Un projet de mobilisationde 3 000 t de lin en interne
Mais pas facile dans la région de trouver du lin, lequel vient aujourd'hui essentiellement de Bourgogne ou de Lorraine. Pour saturer l'outil avec du lin local, il en faudrait l'équivalent de 3 000 ou 4 000 t. Alors que le négoce n'en a collecté cette année que 150 t. Philippe Chays verrait bien la création d'un GIE lin pour fédérer une filière locale, avec d'autres collecteurs locaux, et pousser la mise en culture du lin. Une structure avec un ingénieur permanent. En attendant, il s'évertue à mettre en place progressivement des contrats garantissant un niveau de prix d'achat.
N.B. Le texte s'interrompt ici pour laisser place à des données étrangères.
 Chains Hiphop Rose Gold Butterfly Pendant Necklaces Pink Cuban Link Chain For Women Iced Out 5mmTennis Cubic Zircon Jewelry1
Si l'aliment du bétail constitue 80 % de son activité, Chays frères est quasiment depuis le début adhérent d'Agridis pour les semences et les phytos. L'entreprise appartient aussi au groupement d'achat Fertag pour les engrais. « Côté collecte, on en fait juste pour notre principal débouché, l'alimentation du bétail, fait savoir le responsable commercial, Hervé Belot. L'idée n'est pas de faire du négoce de céréales. » 60 % de la collecte est même échangée contre de l'aliment. L'entreprise dispose également d'un Lisa sous enseigne Naterr&a, sur le créneau de la motoculture, du jardin, du bricolage, mais dans des magasins plus généralistes. Mais Philippe Chays réfléchit à lui faire prendre une orientation davantage axée sur le matériel d'élevage, « un magasin plus agricole que rural ».